**TASK STATEMENT**
Given the records below, would you repeat exactly the lines that begin at the one containing "Встраиваемый светильник Arlight" and end at the one containing "ILLEX Crusher Jr. 10g Blue Back Chartreuse", inclusive?
----- SUPPLIED DATA
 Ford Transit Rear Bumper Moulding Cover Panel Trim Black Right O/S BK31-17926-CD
----------
----- SUPPLIED DATA
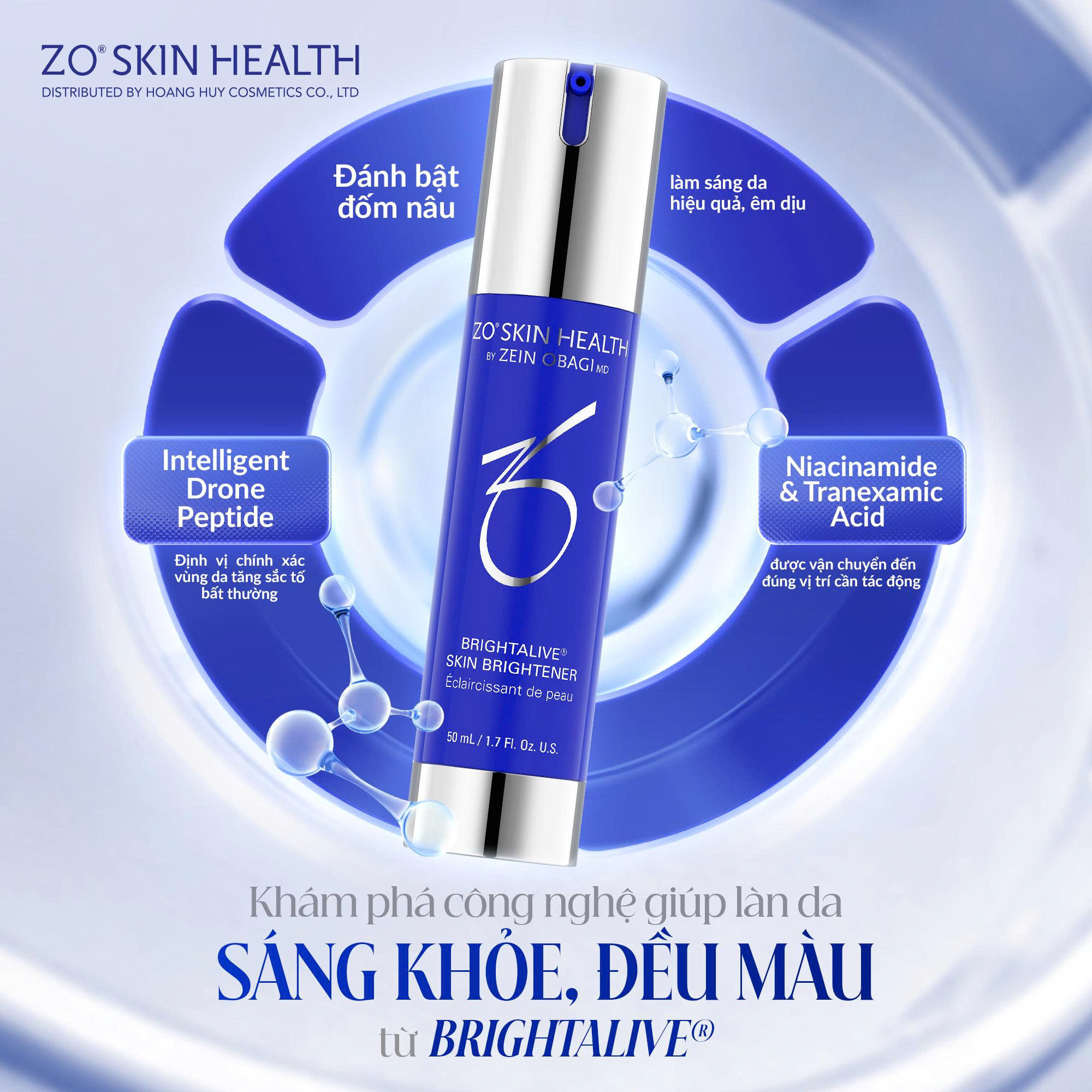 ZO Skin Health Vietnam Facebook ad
----------
----- SUPPLIED DATA
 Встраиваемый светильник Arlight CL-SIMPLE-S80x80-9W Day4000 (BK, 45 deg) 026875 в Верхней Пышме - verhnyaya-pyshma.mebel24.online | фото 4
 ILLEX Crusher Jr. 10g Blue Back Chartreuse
----------
**EXERCISE ANSWER**
 Встраиваемый светильник Arlight CL-SIMPLE-S80x80-9W Day4000 (BK, 45 deg) 026875 в Верхней Пышме - verhnyaya-pyshma.mebel24.online | фото 4
 ILLEX Crusher Jr. 10g Blue Back Chartreuse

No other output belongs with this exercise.